Michigan Winter Outdoor Safety Tips

Fenton, MI — December 27, 2021

Michigan offers many winter outdoor activities, especially this week when the kids are out of school and many workers have a break in the schedule between Christmas and New Year’s. If you are venturing outside to enjoy our State’s winter wonders, here are some tips from the Michigan Department of Resources to keep you safe and enjoy the adventures that await.

“People often get caught up in the excitement of the moment and overlook general winter safety,” said Lt. Tom Wanless, with the DNR Law Enforcement Division’s Recreational Safety, Enforcement and Safety Section. “We want to send out a beginning of the season reminder to please keep safety in mind this winter. Dress for the weather, check the forecast before you go out and, if you’re snowmobiling, please ride sober and at a safe speed.”

Regardless of your favorite winter activity, prepare before you leave the house by checking, dressing, and packing for the weather.
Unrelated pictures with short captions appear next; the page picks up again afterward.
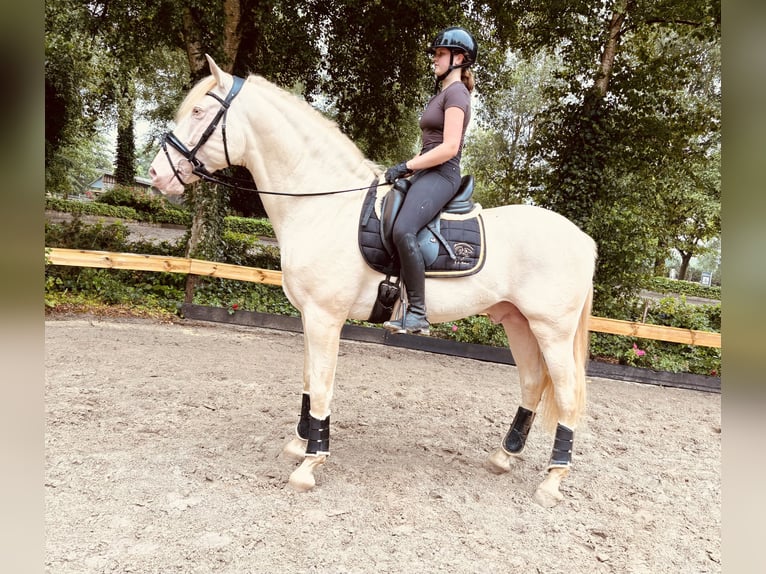 PRE Wallach 7 Jahre 167 cm Pearl in HassendorfSottrum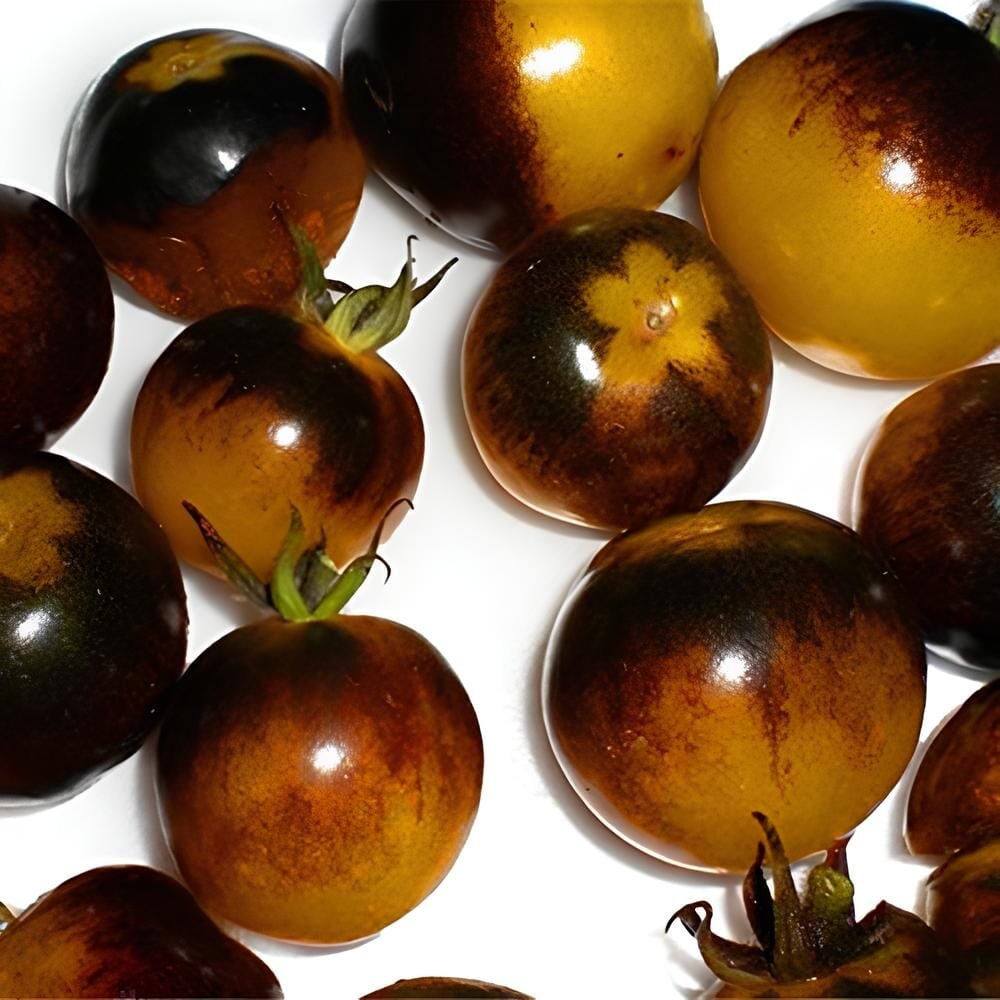 600 Seeds Bumble Bee Heirloom Tomato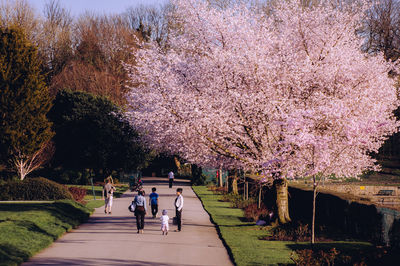 View of park with trees in background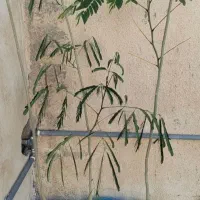 1 عدد نهال ابریشم زرد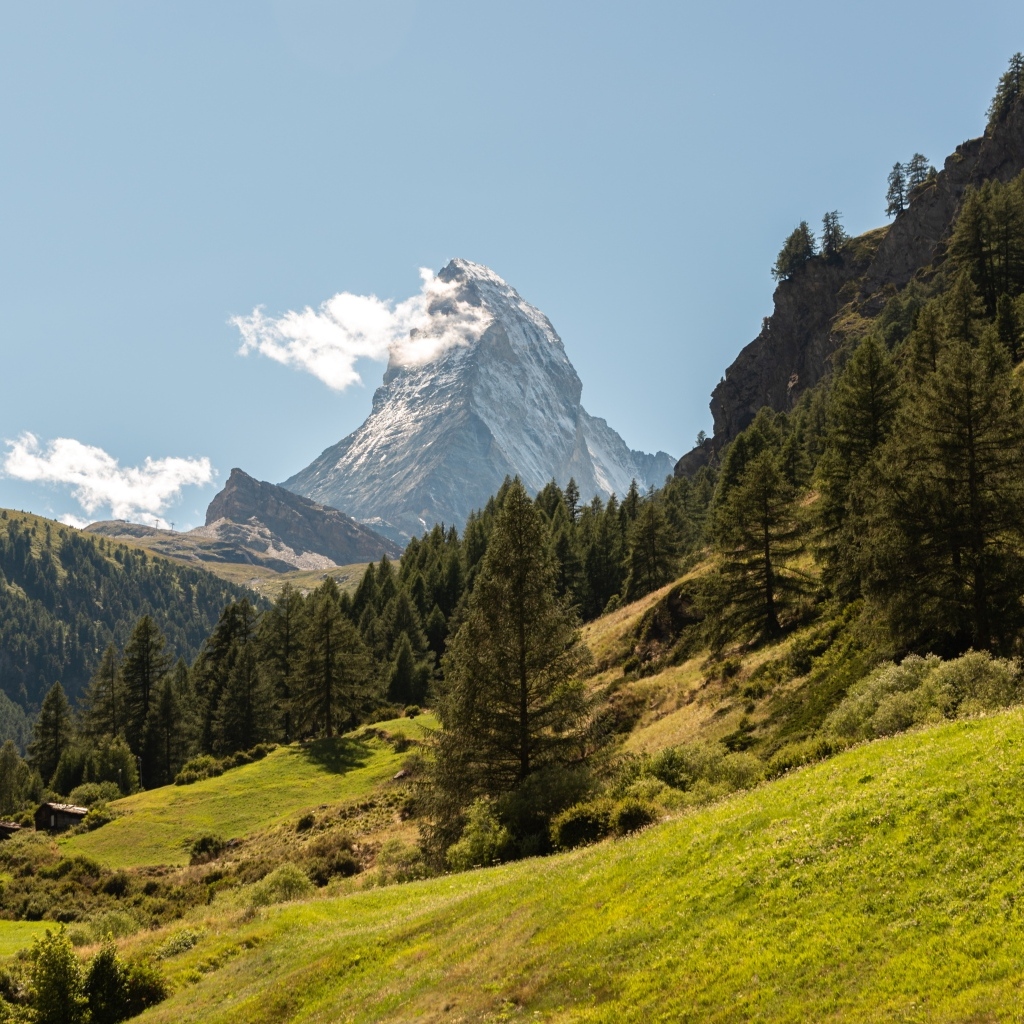 Вид на лес и высокую горную вершину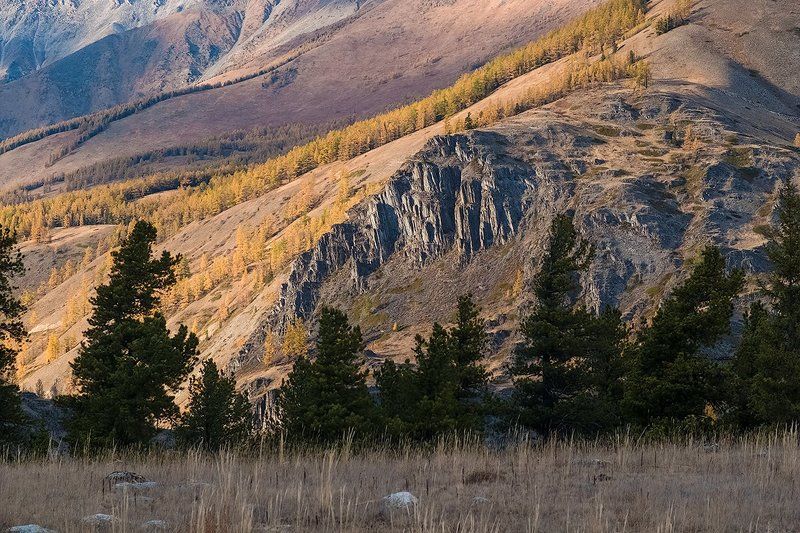 степь самаха, река, аргут, коксу, джазатор, осень, лиственницы, горный алтай Pro степь Самаха. Этюдный взгляд. фото превью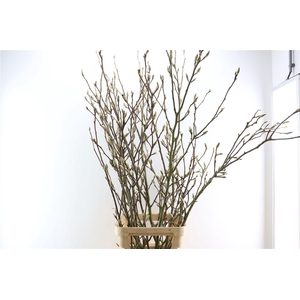 Magnolia Extra P Stem 160cm X7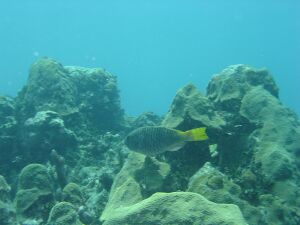 D:\photos\St_Thomas\Limestone_Reef\DSC02320r.jpg
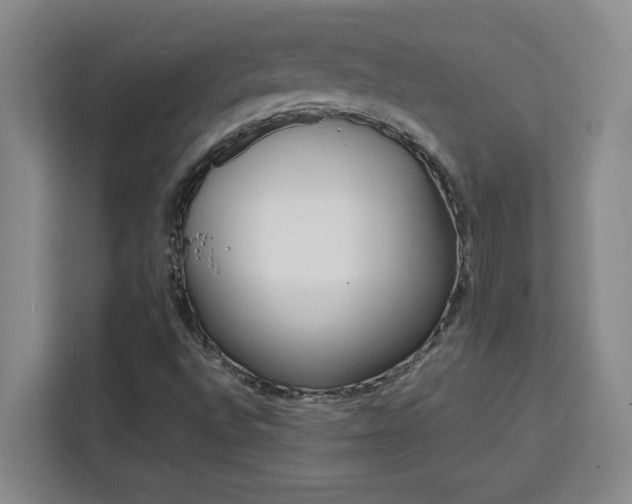 X0000111471496200907131227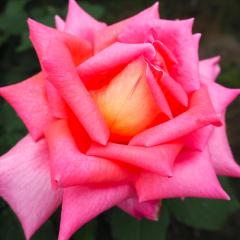 \̔ oc oc  EGXg~X^[ lG炫 KN ΂ sN EFXg~X^[ troe 12{ȍ~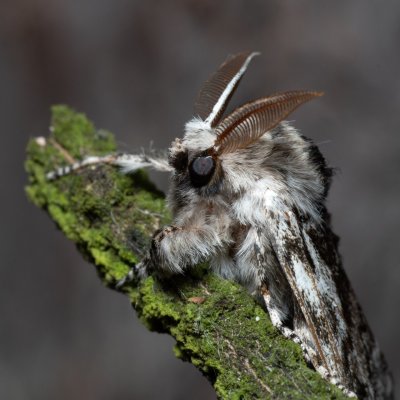 Calliteara abietis (štětconoš smrkový), NPR Radostínské rašeliniště
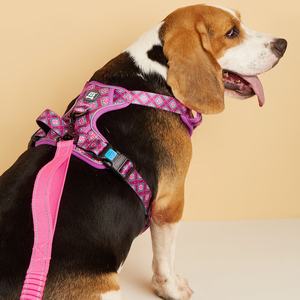 MIDEPET nouvel arrivage produit pour animaux de compagnie OEM/ODM réglable personnalisé <span class=keywords><strong>Anti</strong></span>-fuite pas de traction <span class=keywords><strong>harnais</strong></span> pour chien et laisse élastique robuste - Product Image 4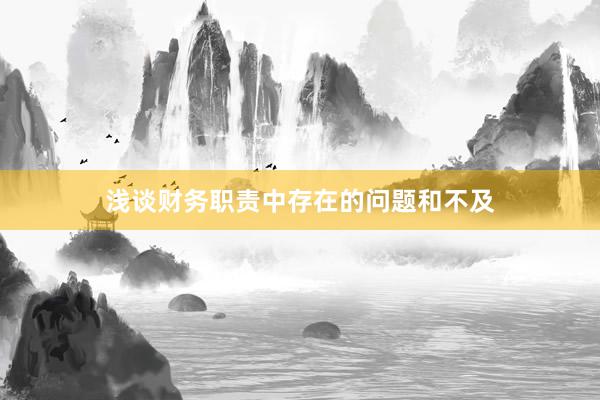 浅谈财务职责中存在的问题和不及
Here is a safety checklist:

  • Wear light layers that can easily be added or removed – it is possible to overheat even during the winter.
  • Carry the appropriate equipment for your activity, such as a flashlight, rope, ice picks, or ice claws.
  • Have spare equipment available in case something breaks.
  • Stay hydrated and fueled – bring water and snacks.
  • Bring a buddy.
  • Inform others about where you will be and how long you plan to be gone and schedule check-in times.
  • Carry a two-way communication device that receives service in remote areas.
  • Be aware of your health – if you’re not feeling well, don’t go out.
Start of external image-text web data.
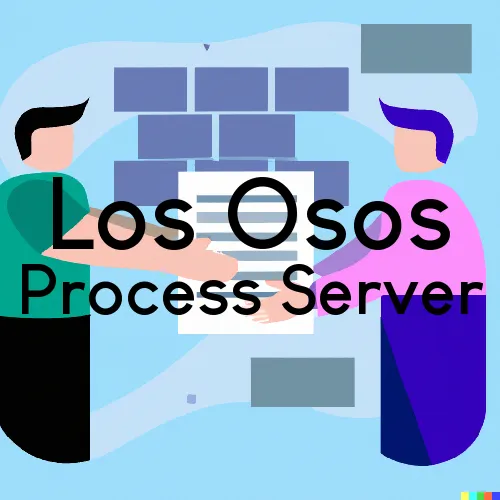 Los Osos, CA Process Serving and Delivery Services
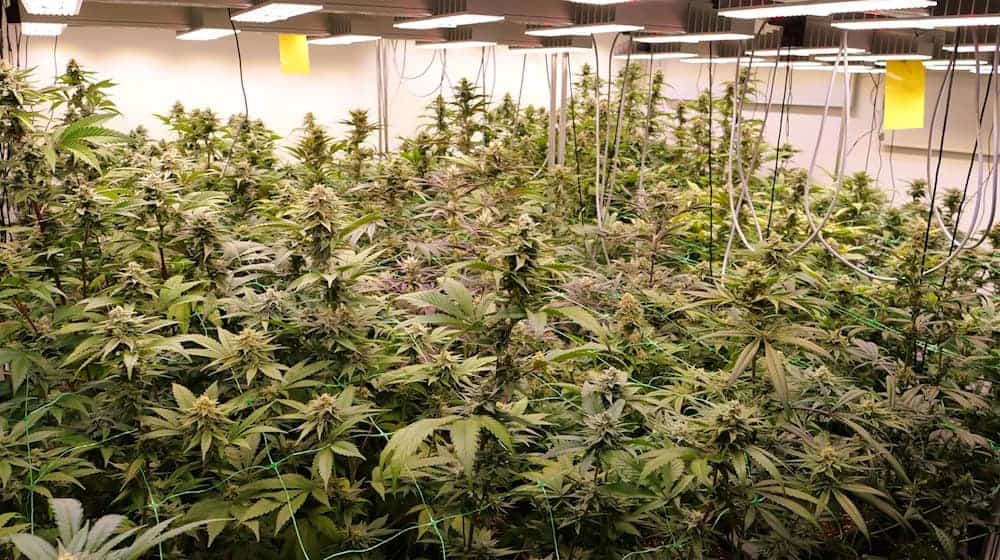 Cannabis so weit das Auge reicht: Seit dem Cannabis-Gesetz darf es unter Auflagen legal angebaut werden. (Symbolbild) / Foto: Jörn Hüneke/dpa
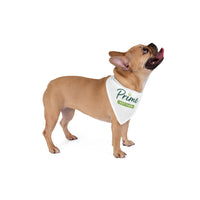 PrimePaw Bandana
In Michigan, all snowmobile operators between ages 12 and 16 are required to obtain a Michigan-approved snowmobile safety certificate to operate without a legal guardian or to cross a highway or street. Earn your snowmobile safety certificate or purchase a trail permit online at Michigan.gov/Snowmobiling.

The DNR’s Ride Right snowmobile safety campaign emphasizes the importance of riding sober, at a safe speed, and on the right side of the trail. Speed is the main factor in fatal and serious injury snowmobile accidents.

  • Ride on the right side of the trail.
  • Ride at a safe speed.
  • Ride sober.
  • Anticipate and yield to groomers.
  • Don’t use modified exhausts.
  • When approaching an intersection, come to a complete stop, raise off the seat and look both ways for traffic.
  • Ride safe, so you make it home to your family and friends.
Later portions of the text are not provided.